Fault tolerance - LSF is available as long as one host is up and no job is lost even if all hosts are down.
Site policy options - provides configuration options for sites to customise their own resource sharing policies.
Job accounting data and analysis tools.

3.2.7 Network Queuing Environment (NQE)

URL http://www.cray.com/PUBLIC/product-info/sw/nqe/nqe30.html

NQE [14] provides a job management environment for the most popular workstation by distributing jobs to the most appropriate Unix systems available in a heterogeneous network, allowing users to share resources. NQE is compatible with Network Queuing System (NQS) software, but has a functionality that exceeds the basic NQS capability. NQE has the following features:

Automatic load balancing across an entire network.
Parallel Virtual Machine (PVM) support.
Job-dependency capability that allows users to specify the criteria that must be met before a specific job may be initiated.
Automatic job routing to systems that match user-specified attributes.
Unattended and secure file transfer to/from any client using the File Transfer Agent (FTA).
Batch job submission from remote locations, using the NQE client software.
Compatibility with other Unix systems running public domain versions of NQS.
Security features and multiple authentication mechanisms.
Motif GUI for network system and NQE job, installation, and on-line documentation.
Automatic placement of jobs in wait queues for systems not available.
Multiple job and administration logs.
Application programming interfaces (APIs) for customising applications to take advantage of NQE's functionality.
World Wide Web interface to submit NQE jobs, view job status, and receive back output.

3.2.8 Task Broker

URL http://www.hp.com:80/wsg/ssa/task.html

Task Broker is a software tool that attempts to distribute computational tasks among heterogeneous UNIX-system-based computer systems. Task Broker performs its computational distribution without requiring any changes to the application. Task Broker will relocate a job and its data according to rules set up at initialisation. The other capabilities provided by Task Broker include:

The ability to balance computational load among a group of computers systems.
Intelligent targeting of specialised jobs so that they run on the most appropriate server for the specific task. For example, a graphics application may be most efficiently run on a machine with a graphics accelerator - the user need have no machine-specific knowledge.
DCE inter-operability.
Task Broker automates the distribution of computations by:
- Gathering machine-specific knowledge from the user.
- Analysing machine-specific information and selecting the most available server.
- Connecting to a selected server via telnet, rsh (remote shell), or crp (create remote process).
- Copying program and data files to a selected server via ftp or NFS.
- Invoking applications over the network.
- Copying the resulting data files back from the server via ftp or NFS.
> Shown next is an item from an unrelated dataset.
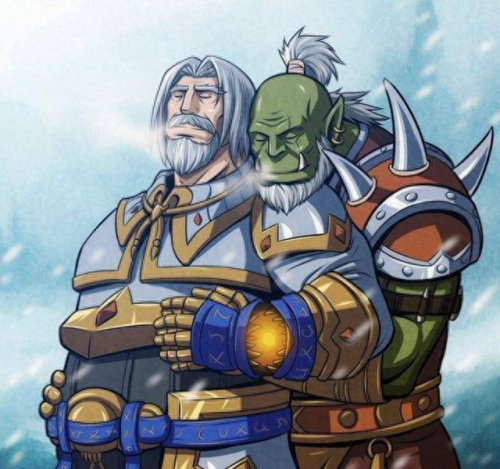 魔兽世界转阵营(魔兽熊猫人是哪个阵营)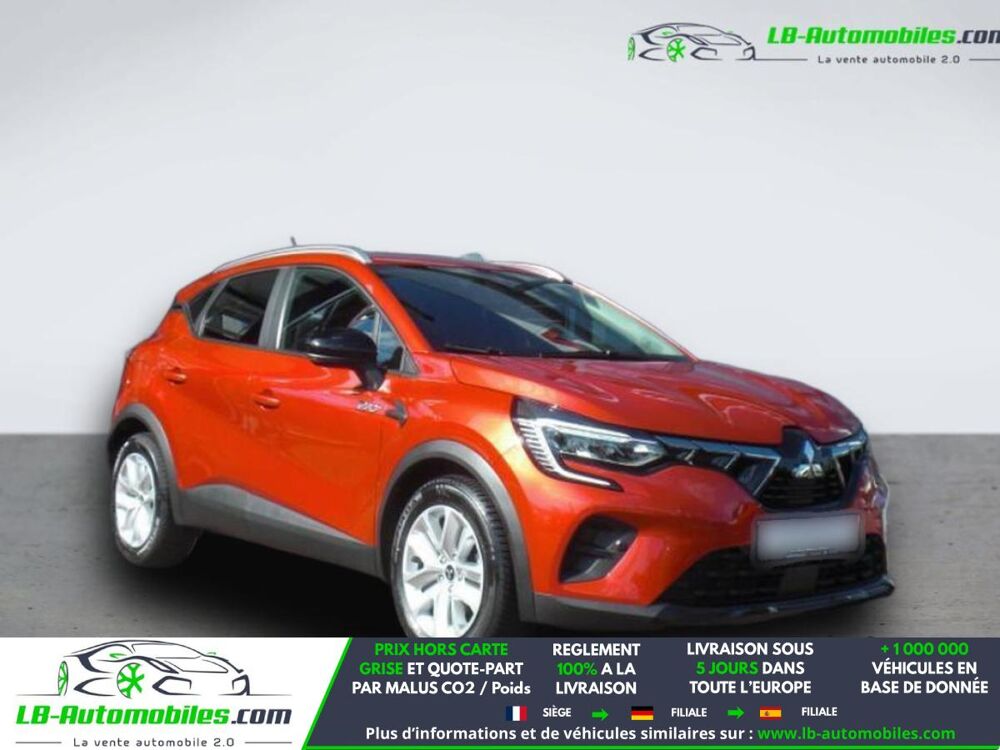 Asx 1.6 MPI HEV 143 BVA 2024 occasion 31850 Beaupuy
Each of the above steps is done automatically by Task Broker without the user needing to be aware of, or having to deal with, the details of server selection and data movement.

Task Broker Features:

Runs without requiring application code to be recompiled.
Adds servers and clients to a network simply by hooking them to a LAN, updating the central configuration file to include the new client server, and starting the Task Broker daemon.
Provides an accounting of services used on a given server.
Allows limiting of the number of applications running on a computer at any one time. This prevents degradation of server performance.
Permits control of the use of computers as servers. For example, users can specify that their workstations be accessed only at night.
GUI provides a visual interface to most of the Task Broker command set and configuration information. In addition, task status monitoring and control are provided for the user.
An on-line, context-sensitive help system.

3.3 Research Packages

3.3.1 Batch

URL none

This software [15] is designed to manage multiple batch job queues under the control of a daemon process. This daemon controls the batch jobs through the use of the BSD job control signals, while the client programs, batch, baq, and barm provide for submission, examination and removal of jobs, respectively.

The capabilities include:

Start and suspend running jobs at specific times and/or days.
Start and suspend running jobs at specific machine loads.
Start and suspend jobs based on whether someone is using the console.
Logging to the system log at varying levels. Statistics and database information are also available via signals sent to the daemon process.
Accounting of jobs for each queue.
Remote queues. Queues may be localised to a specific machine.
Load balanced queues. Given a set of hosts supporting the same queue, the machines (batch daemons) decide amongst themselves which host will run the current job, based on load averages, currently running jobs and other details.
Job runtime limitations.
Run jobs with specific nice values.
Limited console user control over the spooled jobs to minimise the effect of batch jobs on interactive response during work hours.
Ancillary programs for job and queue inspection, removal or manipulation.
A GUI (using the forms library) is also available to the job status and removal tools.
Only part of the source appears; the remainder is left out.